During this trip home I found out that my mother had crocheted baby blankets and some outfits for her grandkids before she died. This discovery evoked a lot emotions within me, specifically because my mother didn't have any grandkids when she passed and she still doesn't and it touched me that before she left, she wanted to create a gift for the grandkids that might be. If you know me, you know that I'm fairly certain that kids are not in the cards for me in this lifetime. I'm not 100% sure I don't want kids, if I were, I'd get a vasectomy. And honestly, if it happened, I don't think it'd be life-ruining for me and that I'd probably grow to enjoy it eventually.

The label my mom put on the container that was holding the baby blankets she crocheted for her grandkids.

But I just enjoy my time and freedom so much and also don't feel the need to have kids for a sense of companionship, purpose, legacy, or continuity that having kids on purpose just doesn't make a lot of sense to me right now. Nonetheless, this discovery made me reflect on how death could not break the thread between my mother and me and on how there's an uncanny connection between my mom's passion for crocheting and my current position in life. I shared this reflection in the thread below and you can click the image to read the entire thing if you're interested!

Twice during my trip back home in Laurens, SC—once home to the only Ku Klux Klan museum in the world—I was offered kindness by elderly white women. White women who almost certainly voted for Trump and who almost certainly have conservative views.

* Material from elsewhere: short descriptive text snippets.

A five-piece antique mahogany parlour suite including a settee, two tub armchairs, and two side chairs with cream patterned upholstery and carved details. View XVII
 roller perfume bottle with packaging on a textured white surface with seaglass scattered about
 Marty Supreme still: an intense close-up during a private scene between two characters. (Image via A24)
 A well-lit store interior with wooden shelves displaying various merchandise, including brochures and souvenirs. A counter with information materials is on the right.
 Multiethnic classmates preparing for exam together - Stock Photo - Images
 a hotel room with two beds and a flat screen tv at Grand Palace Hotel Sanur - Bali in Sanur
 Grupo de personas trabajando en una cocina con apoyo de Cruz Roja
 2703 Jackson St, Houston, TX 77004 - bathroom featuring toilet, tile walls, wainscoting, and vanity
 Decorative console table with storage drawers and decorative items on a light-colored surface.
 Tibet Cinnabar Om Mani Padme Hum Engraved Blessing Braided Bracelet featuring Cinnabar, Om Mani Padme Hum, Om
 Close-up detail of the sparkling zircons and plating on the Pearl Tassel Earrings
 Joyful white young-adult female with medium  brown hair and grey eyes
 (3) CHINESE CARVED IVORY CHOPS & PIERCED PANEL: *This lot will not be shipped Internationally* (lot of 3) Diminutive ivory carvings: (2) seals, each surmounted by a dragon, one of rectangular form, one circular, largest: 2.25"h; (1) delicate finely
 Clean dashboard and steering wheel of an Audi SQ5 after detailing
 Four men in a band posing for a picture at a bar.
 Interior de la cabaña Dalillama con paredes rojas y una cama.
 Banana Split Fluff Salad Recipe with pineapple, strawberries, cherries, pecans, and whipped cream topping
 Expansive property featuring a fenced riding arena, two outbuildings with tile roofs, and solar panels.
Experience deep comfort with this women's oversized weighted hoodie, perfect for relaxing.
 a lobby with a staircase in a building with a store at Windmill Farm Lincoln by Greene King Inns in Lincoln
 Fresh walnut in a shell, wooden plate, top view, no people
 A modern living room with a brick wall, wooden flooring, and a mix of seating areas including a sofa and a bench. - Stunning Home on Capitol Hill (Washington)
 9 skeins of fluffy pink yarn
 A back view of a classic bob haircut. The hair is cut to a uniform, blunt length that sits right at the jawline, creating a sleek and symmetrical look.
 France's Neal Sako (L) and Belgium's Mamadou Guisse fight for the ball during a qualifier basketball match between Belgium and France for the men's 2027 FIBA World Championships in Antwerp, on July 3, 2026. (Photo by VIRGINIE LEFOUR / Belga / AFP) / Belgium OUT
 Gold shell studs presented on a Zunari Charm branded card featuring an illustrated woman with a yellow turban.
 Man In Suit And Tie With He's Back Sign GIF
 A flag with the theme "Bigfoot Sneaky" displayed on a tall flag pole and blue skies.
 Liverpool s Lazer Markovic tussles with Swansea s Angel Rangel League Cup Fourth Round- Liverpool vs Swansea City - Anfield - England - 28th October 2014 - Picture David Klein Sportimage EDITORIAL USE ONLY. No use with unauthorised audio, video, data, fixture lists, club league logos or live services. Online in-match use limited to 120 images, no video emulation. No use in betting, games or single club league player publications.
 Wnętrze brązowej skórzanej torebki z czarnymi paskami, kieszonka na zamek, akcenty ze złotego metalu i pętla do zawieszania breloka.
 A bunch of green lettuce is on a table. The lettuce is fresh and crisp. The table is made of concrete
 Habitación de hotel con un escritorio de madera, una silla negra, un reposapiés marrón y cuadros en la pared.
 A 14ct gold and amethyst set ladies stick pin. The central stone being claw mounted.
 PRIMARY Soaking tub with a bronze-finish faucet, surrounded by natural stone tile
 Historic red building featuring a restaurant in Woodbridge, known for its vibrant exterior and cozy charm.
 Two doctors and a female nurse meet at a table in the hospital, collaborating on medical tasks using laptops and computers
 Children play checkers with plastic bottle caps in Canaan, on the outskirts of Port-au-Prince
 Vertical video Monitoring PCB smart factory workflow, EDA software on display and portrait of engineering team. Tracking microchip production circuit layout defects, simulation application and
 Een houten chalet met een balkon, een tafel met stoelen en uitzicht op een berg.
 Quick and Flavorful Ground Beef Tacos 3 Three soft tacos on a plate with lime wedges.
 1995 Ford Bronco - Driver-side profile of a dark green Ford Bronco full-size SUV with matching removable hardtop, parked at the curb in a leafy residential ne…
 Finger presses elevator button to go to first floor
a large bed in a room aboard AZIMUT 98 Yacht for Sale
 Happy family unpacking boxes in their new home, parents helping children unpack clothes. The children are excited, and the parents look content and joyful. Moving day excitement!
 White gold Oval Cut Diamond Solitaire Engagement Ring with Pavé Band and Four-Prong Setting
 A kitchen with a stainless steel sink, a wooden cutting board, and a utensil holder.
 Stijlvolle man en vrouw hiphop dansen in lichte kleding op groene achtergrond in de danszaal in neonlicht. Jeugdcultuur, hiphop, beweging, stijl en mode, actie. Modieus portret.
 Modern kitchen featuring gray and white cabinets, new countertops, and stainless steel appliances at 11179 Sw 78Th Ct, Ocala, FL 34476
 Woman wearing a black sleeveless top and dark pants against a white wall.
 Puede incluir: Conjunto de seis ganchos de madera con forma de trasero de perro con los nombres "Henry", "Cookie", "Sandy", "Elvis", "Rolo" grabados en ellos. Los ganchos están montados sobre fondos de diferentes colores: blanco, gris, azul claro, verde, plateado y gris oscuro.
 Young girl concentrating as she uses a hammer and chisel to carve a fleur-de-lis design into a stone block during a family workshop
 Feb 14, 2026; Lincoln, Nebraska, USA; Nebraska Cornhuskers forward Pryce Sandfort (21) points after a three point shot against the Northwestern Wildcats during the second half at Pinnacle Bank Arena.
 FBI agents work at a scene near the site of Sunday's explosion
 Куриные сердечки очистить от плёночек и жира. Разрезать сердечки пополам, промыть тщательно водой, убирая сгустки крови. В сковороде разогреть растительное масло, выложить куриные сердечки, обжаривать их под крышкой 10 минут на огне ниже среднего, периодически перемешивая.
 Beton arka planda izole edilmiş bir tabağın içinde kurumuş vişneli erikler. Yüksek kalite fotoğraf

But despite their views, they offered me genuine kindness, not because they were being watched, not because they had anything to gain, not because they felt sorry for me but because they likely are genuinely kind people at heart. And I think this highlights the mistake we often make when ostracizing others just because they have different beliefs than we do.

All beliefs are dangerous, including yours and mine, because they are conclusions that don't allow room for growth or possibilities for expansion. So while I can admit that some conservative beliefs are inherently harmful to many types of people, there are also some liberal beliefs that are dangerous to many types of people and if we truly want to live in a more peaceful world, we all have to be willing to sacrifice our beliefs about the world and how our differences of belief divide us and focus more on the innumerable things that make us alike like enjoying when another human being shows us kindness unexpectedly.

I hope this week you are offered unexpected kindness as well.